The writers share some similarities, but their books couldn’t be more different. Buntin’s “Marlena,” published in April by Henry Holt, is an understated but fiery novel about a teenager named Cat in Michigan who befriends a troubled girl with a drug-dealing boyfriend. Habash’s brash and explosive “Stephen Florida,” released in June by the independent Coffee House Press, follows an obsessed college wrestler desperate to win a national championship.

The authors spoke with The Times via telephone from their home in New York; the conversation has been edited.


Since your books are being released so close to each other, I'm guessing there's got to be some kind of friendly competition going on, right?

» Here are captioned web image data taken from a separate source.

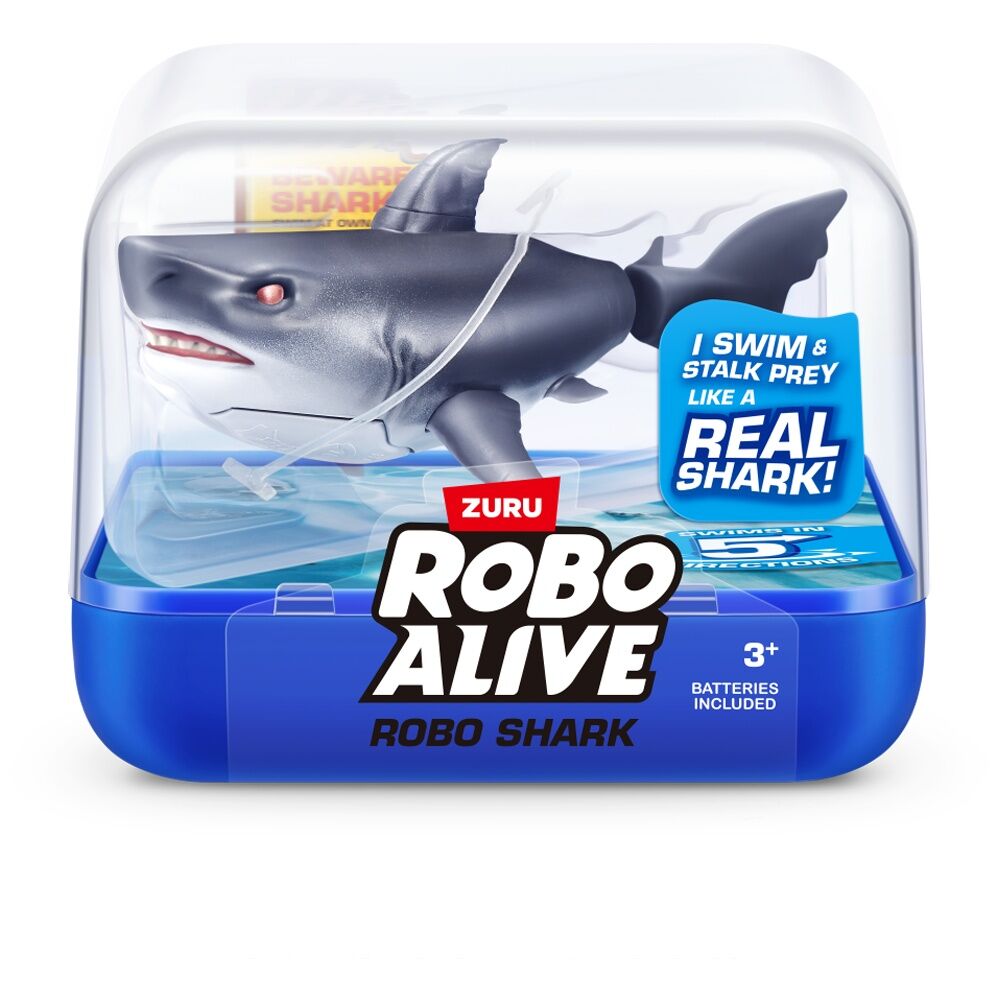 4PK Zuru Robo Alive Shark assorted Miniatures Kids/Children - 3y+ Assorted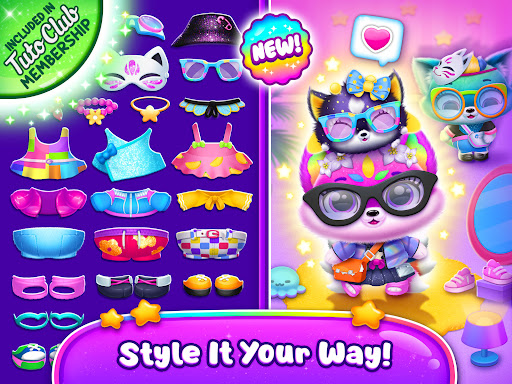 Fluvsies Merge Party screenshot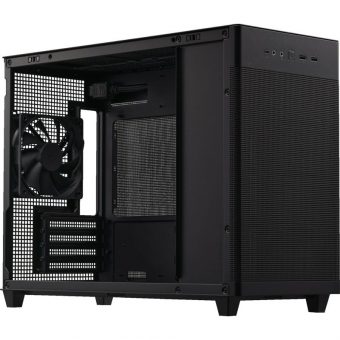 Asus Prime AP201 Mini Tower Mesh Black 90DC00G0-B39000 - Image 8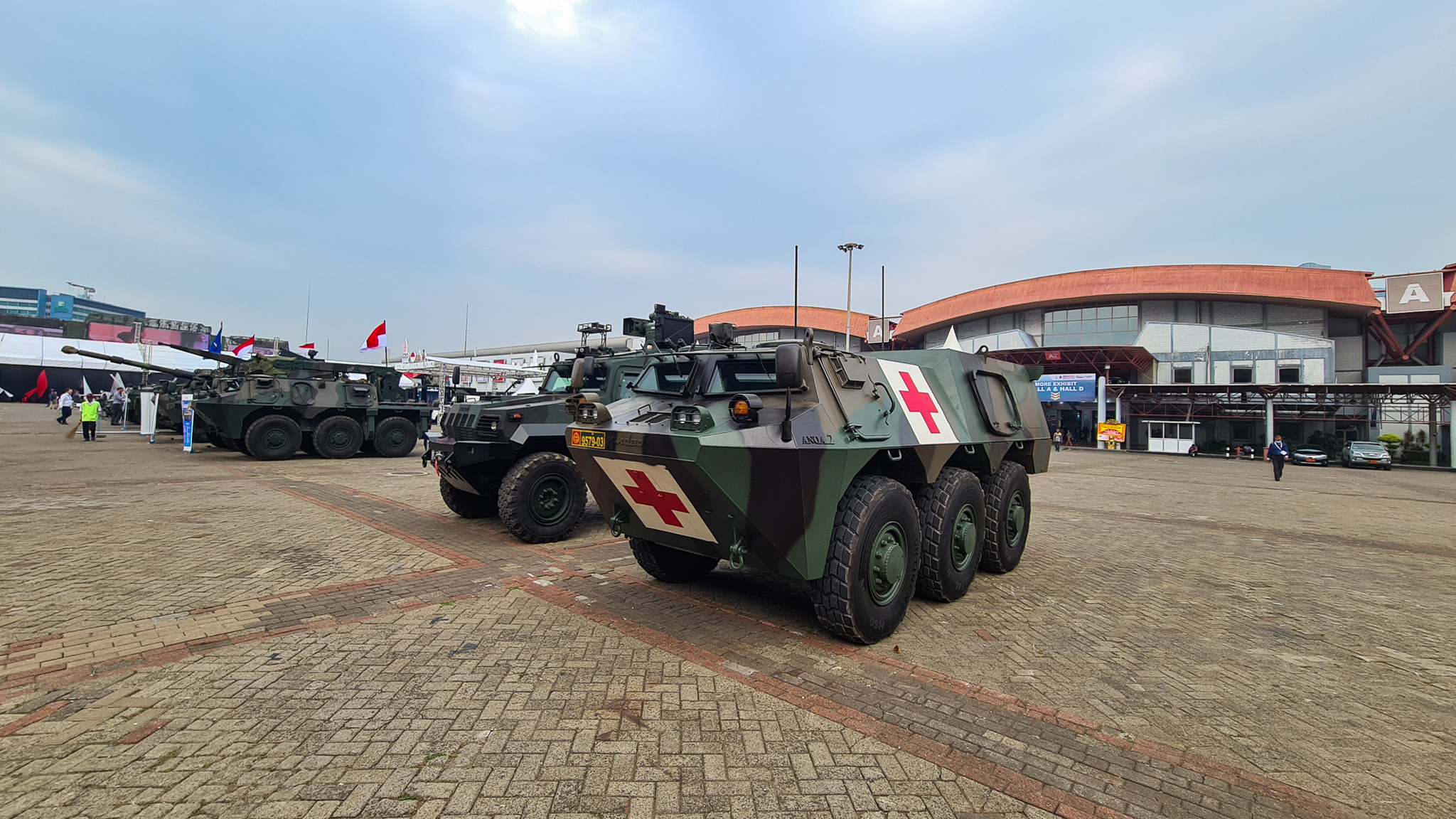 Indo Defence Military Vehicles image 1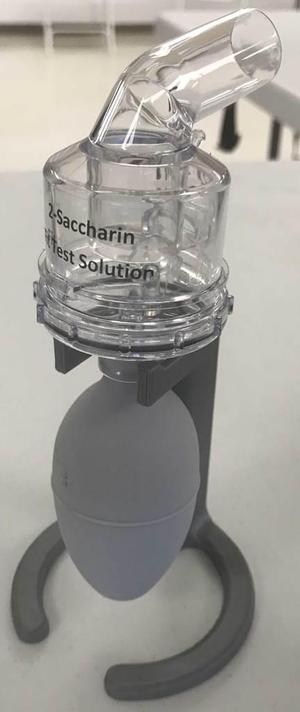 N95 Fit Test Solution Spray Stand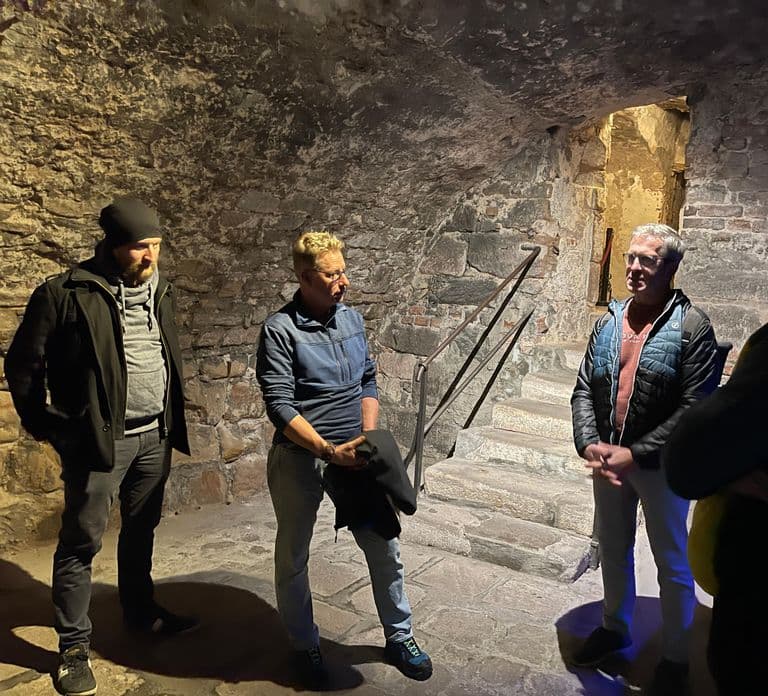 Nuremberg: Medieval Dungeons Guided Tour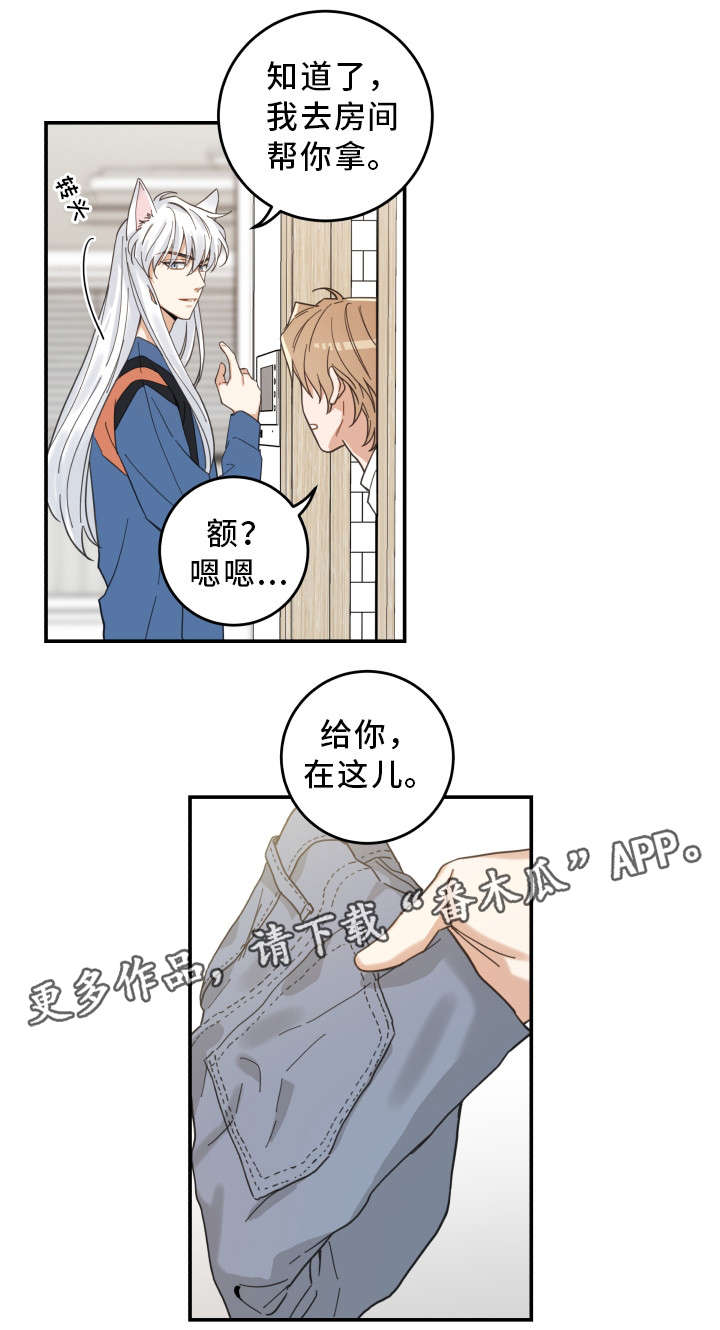 亲爱的喵君免费漫画,第18章：无动于衷5图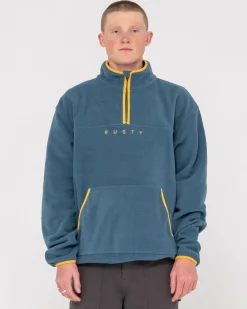 Hot Polarized 1/4 Zip Polar Fleece Mens Hoodies & Fleece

Buntin: I don't feel that from Gabe at all. I'm way worse about that. Gabe is very supportive, and 100% has a healthier, less frantically anxious perspective on this whole process. I tend to be more competitive in general. I've tried to keep that in check, and having a partner that's very chill about it is helpful. It can be hard not to play the comparison game, though.

Habash: I don't really feel competitive in general, but with Julie, our books are so different. I'm published by a small press, she's published by a bigger press. We've written very different books, so in a lot of ways, our situations are really different despite the fact that they're both fiction and they're coming out around the same time. We both hit enough of the benchmarks and goals that we wanted through the process. I think that we both are very happy with our own experiences, and for each other's experiences, so I don't think there's that much competitiveness.

Buntin: This is corny sounding, but I think "Stephen Florida" is one of the best books I've ever read. So anything you read that you love, you just want it to do well, other people to feel the same way you do. I love Gabe's book, so even if, say, Scott Rudin buys the film rights, my excitement about the book getting the recognition it deserves mostly rises above any competitive feeling.

Habash: Just to piggyback on that, going back to when we were writing the first drafts and showing each other our work before it's ready to be shown widely, I think for both of us, the other's opinion is very important. I would not be happy if Julie didn't like my book. That would make me miserable. There's a reason why I'm showing her my book before anybody else, because I really want to get her input. So in that sense, both of the books are very important to both of us.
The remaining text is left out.